The war’s death toll continues to climb. Iran’s Health Ministry has confirmed over 1,500 deaths. Israel says 20 people have been killed, including two soldiers in Lebanon. At least 13 US military personnel have died, along with more than a dozen civilians across the occupied West Bank and Gulf Arab states.
In Lebanon, where Israel has been targeting Hezbollah, authorities say more than 1,000 people have died. In Iraq, where Iranian-backed militant groups have also entered the conflict, 80 members of the security forces have been killed, according to senior security adviser Khalid al-Yaqoubi.
The closure of the Strait of Hormuz has left around 2,000 vessels and 20,000 seafarers stranded, the head of the International Maritime Organization (IMO) has said, warning of a deepening humanitarian crisis at sea.
“We have 20,000 seafarers stranded inside the Strait of Hormuz and around 2,000 vessels that are not able to sail,” IMO Secretary-General Arsenio Dominguez told Al Jazeera. He warned that the longer the situation persists, the greater the mental stress, fatigue and supply shortages facing the crews. Insurance companies, he added, have either cancelled contracts or sharply raised premiums, refusing to absorb the mounting risks.
He described US President Donald Trump’s plan to escort vessels through the strait as simply “unsustainable,” given that there are no assurances against merchant ships being targeted and seafarers being killed.
Kuwait’s Foreign Ministry has strongly condemned the Iranian strike on fuel tanks at its international airport, calling it a “serious violation of international humanitarian law” against a civilian facility.

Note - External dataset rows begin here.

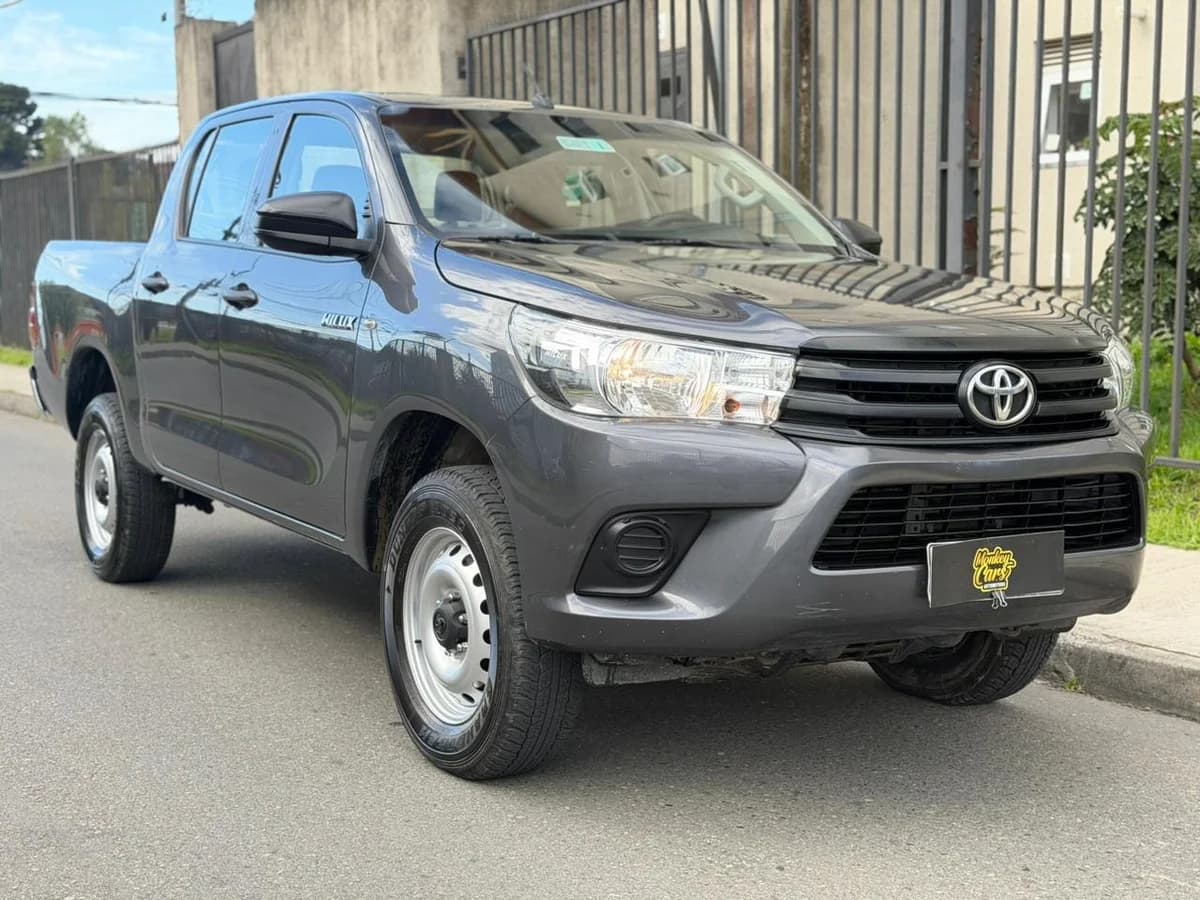 Toyota Hilux DX 2.4TD 4x2 DCAB - Imagen 1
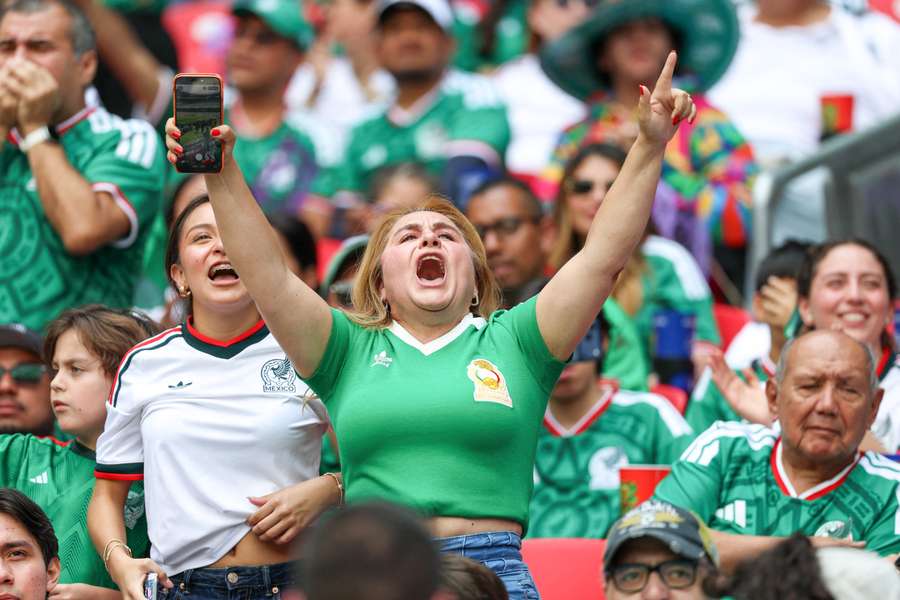 Mexicanos protagonizaram bonita festa no Azteca Mexicanos protagonizaram bonita festa no Azteca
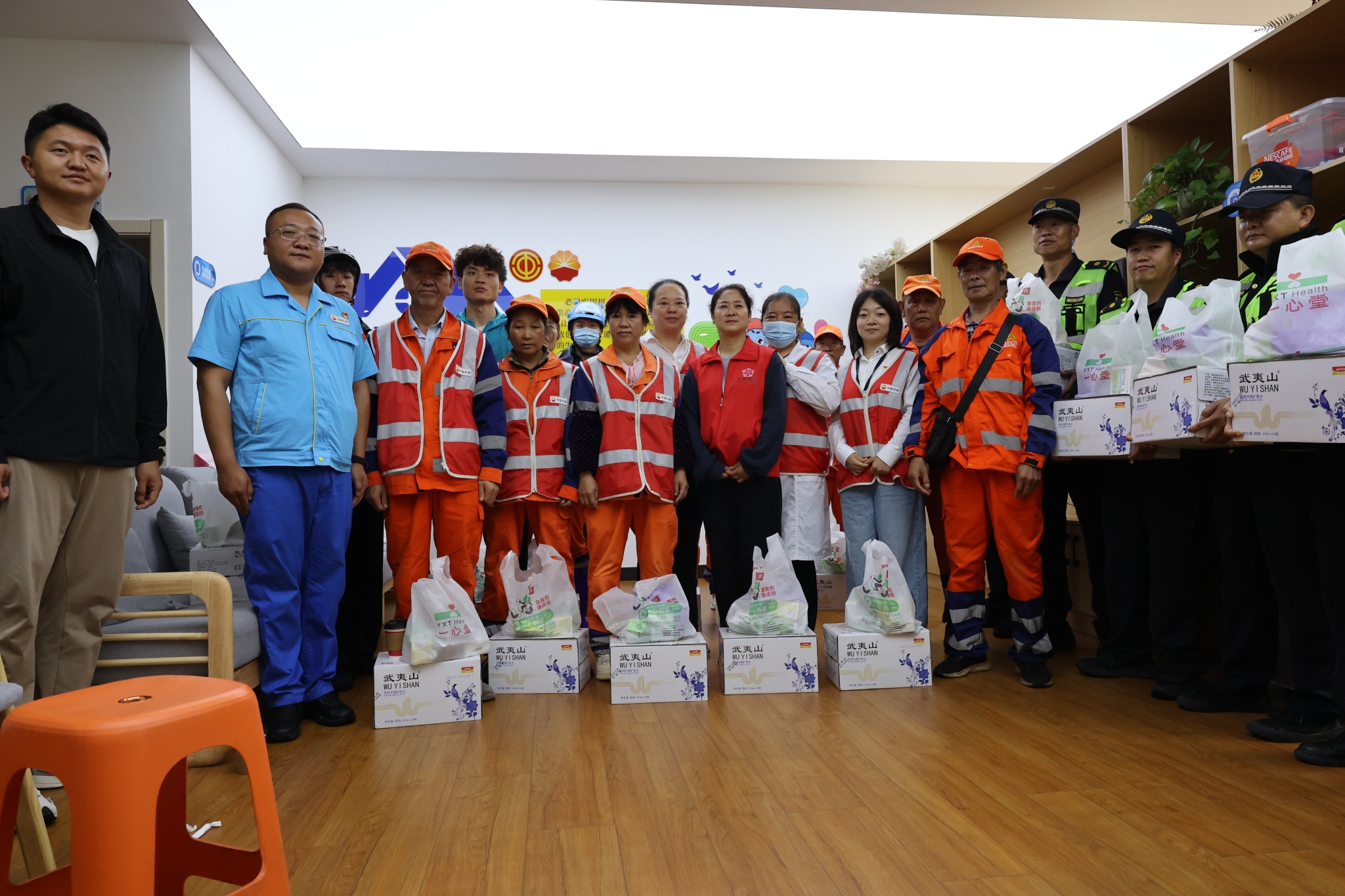 慰问环卫工人、配送骑手等发放防暑降温物资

Acting Deputy Foreign Minister Aziz Rahim al-Deihani said the attack constituted “a flagrant violation” of Kuwait’s sovereignty and “a dangerous escalation that undermines regional and international peace and security.” He handed a formal protest note to Iran’s ambassador in Kuwait – the third time since the war began that Kuwait has summoned the Iranian envoy – and called for an immediate halt to the attacks.
Israeli Prime Minister Benjamin Netanyahu said Wednesday that Israeli forces are expanding the area they control along the southern Lebanese border, as fighting with Hezbollah grinds on and troops push deeper into villages in the region.
Netanyahu made the remarks during a meeting with community leaders from northern Israel, which has endured near-daily rocket fire from Lebanon.
Israel moved several thousand troops into southern Lebanon in recent weeks, describing it as a defensive measure to protect border communities, and has since pushed further north in an operation it says is aimed at removing Hezbollah from the area.
UN Secretary-General Antonio Guterres delivered a sharply-worded rebuke on Wednesday, saying the conflict had “broken past limits even leaders thought imaginable” and calling on the United States and Israel to end the war they launched against Iran last month.
“Human suffering deepens, civilian casualties mount, and the global economic impact is increasingly devastating,” Guterres said, directing his call to halt the fighting squarely at Washington and Tel Aviv. He also urged Iran to “stop attacking their neighbours.”